As Ohio Wesleyan was searching for a new Director of Libraries this past year, Catherine Cardwell also was getting to know OWU better, as she became a candidate for the position. Her paths had crossed over the years with OWU employees, past and present, through OhioLink and other venues. Cardwell, now Ohio Wesleyan’s Director of Libraries, shares that she was especially drawn to the University’s emphasis on information literacy and to the opportunity to continue working in a vibrant campus community.
“Ohio Wesleyan has always been forward moving,” says the Youngstown native, who at one time was in fact, one of the principal investigators on a $343,000 grant from the Ohio Board of Regents that promoted integration of information literacy into the curriculum and collaboration of Ohio’s libraries, centers of teaching excellence, and faculty members. She had by that time received her bachelor’s degrees in English and French from Youngstown State University, a master’s degree in French language and literature from the University of Pittsburgh, and a master’s degree in Library Science from Kent State University. Cardwell served for four years as chair of the department of Library Teaching and Learning at Bowling Green State University, as co-interim dean, interim vice provost, and as Associate Professor and Coordinator of Library Instruction.

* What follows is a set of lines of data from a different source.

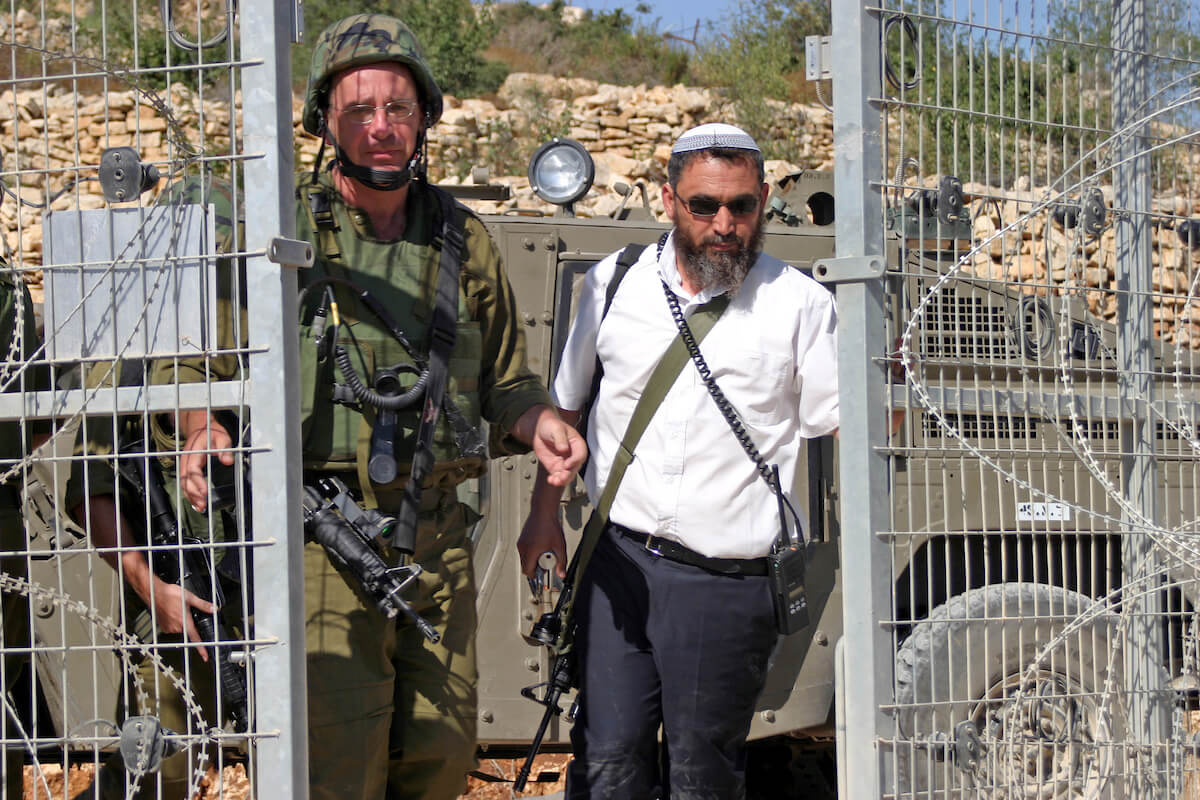 Israel's 'slay-for-play' practice must be stopped – Mondoweiss - Vimarsana News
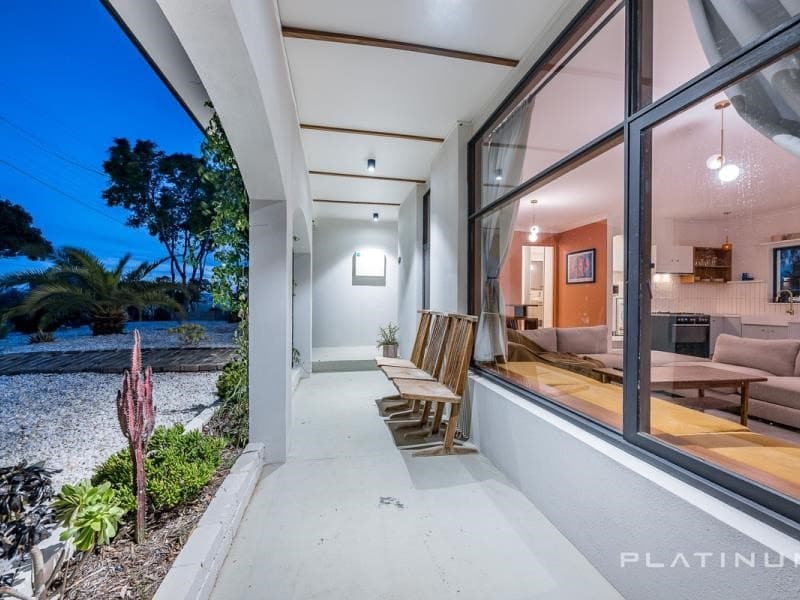 49 Eddystone Avenue, Craigie WA, Craigie - Thumbnail 3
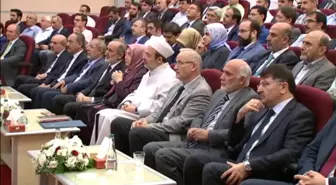 Diyanet, Fetö'nün Bozukluklarını 1 Yıl Inceleyerek Buldu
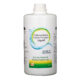 DISILON CXT- Antiseptic liquide 1 liter
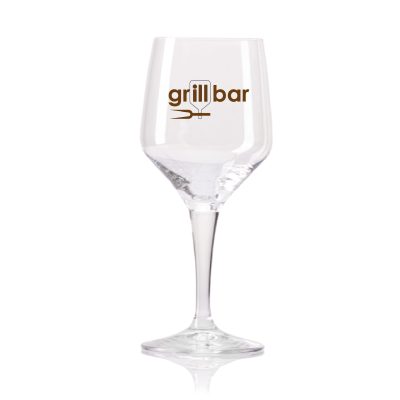 Speciaalbier glas - bierkelk bedrukken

“”Throughout Cathi’s career, she has demonstrated a commitment to providing meaningful student-centered library experiences and to promoting the importance of liberal education in students’ lives,” says OWU Provost David Robbins.
Cardwell’s vision of the academic library as the heart and soul of a university—a place for teaching, learning, and collaborating—inspires her to continually think of ways to integrate the library into the daily lives of OWU students, faculty, and staff members.
“I’m curious about how people read and access information in academic libraries, whether print collections or electronic acquisitions,” says Cardwell. “This is such an exciting time as students and professors are integrating e-journals and e-books into coursework.” Finding new collaborative learning spaces in the library is a high priority for her—spaces to accommodate quiet study as well as more interactive discussions and idea sharing. Many of the new thoughts and experiences shared with Cardwell involve OWU’s travel-learning and theory-to-practice components of the OWU Connection.
“I am intrigued by the University’s emphasis on international experiences,” says Cardwell, who has a strong interest in international studies and travel. She has taught in France and visited more than15 countries and plans, along with her family, to celebrate her husband Federico’s aunt’s 100th birthday in the Czech Republic.
“My passport is my most prized possession,” she says.